The explanation did confirm that setting the number of days to zero does mean the passwords never expire.  But it also told me that “It is a security best practice to have passwords expire every 30 to 90 days, depending on your environment. This way, an attacker has a limited amount of time in which to crack a user’s password and have access to your network resources.”

Microsoft, you’ve got to be kidding.  If an attacker has enough access to your system in order to start cracking your passwords, then they’ll almost certainly succeed within a few days.  Unless you’ve chosen a really, really good password, in which case it might be some years.  So 30 to 90 days makes very little sense.  (And, if you’re really serious about the maximum of 90 days, how come the entry box allows up to 999?)

But then, right down at the bottom, it tells me that “Default: 42.”

Oh, sorry, Microsoft.  Obviously you are kidding.  Nobody could take that seriously as a default.
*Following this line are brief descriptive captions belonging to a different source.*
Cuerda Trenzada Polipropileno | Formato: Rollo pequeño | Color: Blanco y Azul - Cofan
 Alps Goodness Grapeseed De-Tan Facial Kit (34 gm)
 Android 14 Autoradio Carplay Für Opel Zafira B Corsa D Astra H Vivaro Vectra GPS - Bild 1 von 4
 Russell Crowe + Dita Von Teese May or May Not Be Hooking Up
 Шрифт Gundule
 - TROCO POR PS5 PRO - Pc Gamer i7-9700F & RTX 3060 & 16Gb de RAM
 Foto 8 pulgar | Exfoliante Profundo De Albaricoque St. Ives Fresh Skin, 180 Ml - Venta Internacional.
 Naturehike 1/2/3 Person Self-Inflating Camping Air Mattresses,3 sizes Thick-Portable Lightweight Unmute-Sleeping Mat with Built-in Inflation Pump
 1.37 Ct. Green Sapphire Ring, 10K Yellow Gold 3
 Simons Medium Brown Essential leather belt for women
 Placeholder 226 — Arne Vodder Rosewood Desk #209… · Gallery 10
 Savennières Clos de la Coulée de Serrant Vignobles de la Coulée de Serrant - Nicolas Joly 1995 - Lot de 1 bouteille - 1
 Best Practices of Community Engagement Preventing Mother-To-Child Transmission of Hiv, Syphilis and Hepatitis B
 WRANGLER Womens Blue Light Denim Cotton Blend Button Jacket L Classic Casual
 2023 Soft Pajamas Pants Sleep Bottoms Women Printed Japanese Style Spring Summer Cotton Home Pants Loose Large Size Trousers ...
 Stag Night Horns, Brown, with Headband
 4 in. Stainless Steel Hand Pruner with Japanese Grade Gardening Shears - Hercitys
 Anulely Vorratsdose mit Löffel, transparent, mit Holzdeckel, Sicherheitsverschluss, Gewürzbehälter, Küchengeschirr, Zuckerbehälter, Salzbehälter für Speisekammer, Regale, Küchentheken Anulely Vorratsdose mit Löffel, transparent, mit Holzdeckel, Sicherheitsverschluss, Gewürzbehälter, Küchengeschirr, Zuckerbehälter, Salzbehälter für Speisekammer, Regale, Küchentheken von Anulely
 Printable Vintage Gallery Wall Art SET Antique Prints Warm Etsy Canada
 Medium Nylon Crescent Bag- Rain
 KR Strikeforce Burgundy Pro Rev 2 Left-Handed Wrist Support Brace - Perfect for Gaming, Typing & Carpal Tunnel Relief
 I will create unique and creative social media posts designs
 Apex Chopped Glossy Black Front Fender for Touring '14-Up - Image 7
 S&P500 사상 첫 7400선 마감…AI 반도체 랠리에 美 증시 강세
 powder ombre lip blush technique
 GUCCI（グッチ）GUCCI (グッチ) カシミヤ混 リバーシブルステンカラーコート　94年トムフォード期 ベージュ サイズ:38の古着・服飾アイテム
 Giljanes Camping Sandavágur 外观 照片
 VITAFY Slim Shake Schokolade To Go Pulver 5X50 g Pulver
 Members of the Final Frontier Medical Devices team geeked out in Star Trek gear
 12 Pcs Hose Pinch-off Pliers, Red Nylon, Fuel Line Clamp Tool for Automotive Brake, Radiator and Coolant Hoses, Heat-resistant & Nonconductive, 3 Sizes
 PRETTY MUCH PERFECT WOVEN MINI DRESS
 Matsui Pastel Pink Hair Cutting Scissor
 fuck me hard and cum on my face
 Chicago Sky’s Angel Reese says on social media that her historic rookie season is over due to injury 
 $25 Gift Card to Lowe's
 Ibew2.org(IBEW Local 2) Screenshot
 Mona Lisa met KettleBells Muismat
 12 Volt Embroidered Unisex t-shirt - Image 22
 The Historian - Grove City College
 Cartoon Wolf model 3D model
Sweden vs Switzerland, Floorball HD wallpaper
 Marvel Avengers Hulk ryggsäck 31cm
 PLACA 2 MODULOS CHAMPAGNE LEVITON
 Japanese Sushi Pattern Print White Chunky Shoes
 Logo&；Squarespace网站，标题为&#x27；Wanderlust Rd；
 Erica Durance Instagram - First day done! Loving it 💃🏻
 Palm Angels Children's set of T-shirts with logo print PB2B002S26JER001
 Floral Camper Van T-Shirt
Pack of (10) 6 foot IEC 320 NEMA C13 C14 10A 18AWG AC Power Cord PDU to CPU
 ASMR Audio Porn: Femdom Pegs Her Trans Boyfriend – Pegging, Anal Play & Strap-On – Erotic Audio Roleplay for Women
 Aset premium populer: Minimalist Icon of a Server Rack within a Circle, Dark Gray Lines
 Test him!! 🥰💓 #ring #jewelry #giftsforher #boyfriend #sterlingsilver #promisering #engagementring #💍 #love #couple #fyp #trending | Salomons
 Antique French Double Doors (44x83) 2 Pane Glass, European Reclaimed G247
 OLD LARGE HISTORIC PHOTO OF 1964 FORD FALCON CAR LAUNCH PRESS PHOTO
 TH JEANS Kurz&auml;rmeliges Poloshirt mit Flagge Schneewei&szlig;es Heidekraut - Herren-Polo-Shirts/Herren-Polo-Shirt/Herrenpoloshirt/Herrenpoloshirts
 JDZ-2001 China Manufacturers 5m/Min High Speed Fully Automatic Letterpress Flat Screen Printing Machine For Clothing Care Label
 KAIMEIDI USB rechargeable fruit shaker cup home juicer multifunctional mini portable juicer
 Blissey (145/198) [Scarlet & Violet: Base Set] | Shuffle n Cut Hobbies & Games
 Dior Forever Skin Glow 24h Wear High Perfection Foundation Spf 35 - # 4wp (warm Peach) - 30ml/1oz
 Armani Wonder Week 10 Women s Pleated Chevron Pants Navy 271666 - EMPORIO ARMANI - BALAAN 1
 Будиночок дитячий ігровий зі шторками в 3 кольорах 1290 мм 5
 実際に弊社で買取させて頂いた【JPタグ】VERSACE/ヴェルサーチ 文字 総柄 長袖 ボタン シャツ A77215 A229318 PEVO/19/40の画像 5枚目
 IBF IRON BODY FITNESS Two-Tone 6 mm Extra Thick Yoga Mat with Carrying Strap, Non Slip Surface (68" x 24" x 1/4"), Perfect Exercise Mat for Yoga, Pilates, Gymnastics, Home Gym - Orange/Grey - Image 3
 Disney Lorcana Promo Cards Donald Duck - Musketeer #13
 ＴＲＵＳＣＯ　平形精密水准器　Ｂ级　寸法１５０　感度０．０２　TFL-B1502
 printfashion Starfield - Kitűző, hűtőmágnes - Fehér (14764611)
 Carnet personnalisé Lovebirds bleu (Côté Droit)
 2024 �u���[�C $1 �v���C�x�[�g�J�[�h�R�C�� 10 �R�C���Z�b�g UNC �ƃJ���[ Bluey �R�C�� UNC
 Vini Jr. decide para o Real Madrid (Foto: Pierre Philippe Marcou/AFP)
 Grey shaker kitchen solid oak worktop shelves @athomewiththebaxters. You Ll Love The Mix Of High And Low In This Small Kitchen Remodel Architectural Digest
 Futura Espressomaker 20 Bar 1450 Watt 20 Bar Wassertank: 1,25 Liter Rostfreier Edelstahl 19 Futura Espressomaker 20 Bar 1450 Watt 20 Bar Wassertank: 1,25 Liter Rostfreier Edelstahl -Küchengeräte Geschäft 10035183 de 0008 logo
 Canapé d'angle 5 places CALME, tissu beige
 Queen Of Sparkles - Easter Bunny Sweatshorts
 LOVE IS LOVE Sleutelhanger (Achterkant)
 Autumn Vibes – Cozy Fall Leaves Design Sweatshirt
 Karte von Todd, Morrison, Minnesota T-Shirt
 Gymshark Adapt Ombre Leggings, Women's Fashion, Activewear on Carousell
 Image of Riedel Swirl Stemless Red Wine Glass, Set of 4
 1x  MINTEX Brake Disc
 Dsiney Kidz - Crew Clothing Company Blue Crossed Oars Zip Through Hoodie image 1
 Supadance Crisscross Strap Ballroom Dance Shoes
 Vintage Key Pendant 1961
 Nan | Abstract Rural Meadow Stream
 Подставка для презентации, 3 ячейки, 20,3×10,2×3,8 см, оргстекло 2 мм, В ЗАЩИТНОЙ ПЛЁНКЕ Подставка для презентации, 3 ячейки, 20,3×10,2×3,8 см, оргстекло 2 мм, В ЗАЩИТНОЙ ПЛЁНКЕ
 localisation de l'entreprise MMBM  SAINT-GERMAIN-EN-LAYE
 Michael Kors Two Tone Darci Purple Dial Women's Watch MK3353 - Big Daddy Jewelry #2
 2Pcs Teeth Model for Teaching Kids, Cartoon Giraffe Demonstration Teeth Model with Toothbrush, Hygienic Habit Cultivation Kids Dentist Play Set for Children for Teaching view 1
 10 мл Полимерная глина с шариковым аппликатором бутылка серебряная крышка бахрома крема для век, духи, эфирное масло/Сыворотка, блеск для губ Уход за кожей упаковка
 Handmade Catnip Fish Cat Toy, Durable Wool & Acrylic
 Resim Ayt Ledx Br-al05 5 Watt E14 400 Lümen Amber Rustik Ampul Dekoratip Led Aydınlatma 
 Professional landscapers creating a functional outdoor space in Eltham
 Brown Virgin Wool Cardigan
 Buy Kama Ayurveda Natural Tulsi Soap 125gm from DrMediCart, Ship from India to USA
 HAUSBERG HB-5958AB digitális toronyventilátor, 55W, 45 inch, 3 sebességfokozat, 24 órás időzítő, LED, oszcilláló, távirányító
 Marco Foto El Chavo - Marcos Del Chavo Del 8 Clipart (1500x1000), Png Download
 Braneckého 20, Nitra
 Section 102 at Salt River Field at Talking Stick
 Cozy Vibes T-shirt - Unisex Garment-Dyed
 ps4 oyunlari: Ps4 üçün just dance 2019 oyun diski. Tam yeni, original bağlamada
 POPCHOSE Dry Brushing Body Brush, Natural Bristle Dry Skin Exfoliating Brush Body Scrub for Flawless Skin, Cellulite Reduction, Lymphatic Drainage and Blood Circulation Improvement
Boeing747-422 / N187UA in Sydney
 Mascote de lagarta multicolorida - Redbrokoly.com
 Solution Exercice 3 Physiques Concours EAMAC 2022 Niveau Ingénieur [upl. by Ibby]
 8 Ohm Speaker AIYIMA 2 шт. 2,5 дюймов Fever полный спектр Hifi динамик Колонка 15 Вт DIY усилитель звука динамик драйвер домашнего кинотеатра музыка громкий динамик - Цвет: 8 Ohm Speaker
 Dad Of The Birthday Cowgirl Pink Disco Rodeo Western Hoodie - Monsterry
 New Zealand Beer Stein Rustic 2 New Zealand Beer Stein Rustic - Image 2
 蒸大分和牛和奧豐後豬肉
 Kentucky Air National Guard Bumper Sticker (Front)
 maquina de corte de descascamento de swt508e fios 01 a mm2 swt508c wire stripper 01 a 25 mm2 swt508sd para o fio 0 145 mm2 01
(But then, why is that the default, and why is it enabled by default? …)

The issue prompted a little more thinking on my part.  Was it really 37 days (42 minus 5) since I’d installed the machine?  Ah, but then, it couldn’t be.  As previously noted, I had to take it back to the store to clear up some OS registration issue.  They, of course, didn’t ask what password I’d set, they just blew off the passwords.  So, the 37 days would start from that point, wouldn’t it?

Well, apparently not.  When I checked my journal, it was obvious that the 37 days started when I first started setting up the computer, not when the store eliminated the passwords.

Interesting version of “history” there, Microsoft …

The “Immutable Laws” revisited

Once upon a time, somebody at Microsoft wrote an article on the “10 Immutable Laws of Security.”  (I can’t recall how long ago: it’s now listed as “Archived content.”  And I like the disclaimer that “No warranty is made as to technical accuracy.”)  Now these “laws” are all true, and they are helpful reminders.  But I’m not sure they deserve the iconic status they have achieved.

In terms of significance to security, you have to remember that security depends on situation.  As it is frequently put, one (security) size does not fit all.  Therefore, these laws (which lean heavily towards malware) may not be the most important for all users (or companies).

In terms of coverage, there is little or nothing about management, risk management, classification, continuity, secure development, architecture, telecom and networking, personnel, incidents, or a whole host of other topics.

As a quick recap, the laws are:

Law #1: If a bad guy can persuade you to run his program on your computer, it’s not your computer anymore

(Avoid malware.)

Law #2: If a bad guy can alter the operating system on your computer, it’s not your computer anymore

(Avoid malware, same as #1.)

Law #3: If a bad guy has unrestricted physical access to your computer, it’s not your computer anymore

(Quite true, and often ignored.  As I tell my students, I don’t care what technical protections you put on your systems, if I have physical access, I’ve got you.)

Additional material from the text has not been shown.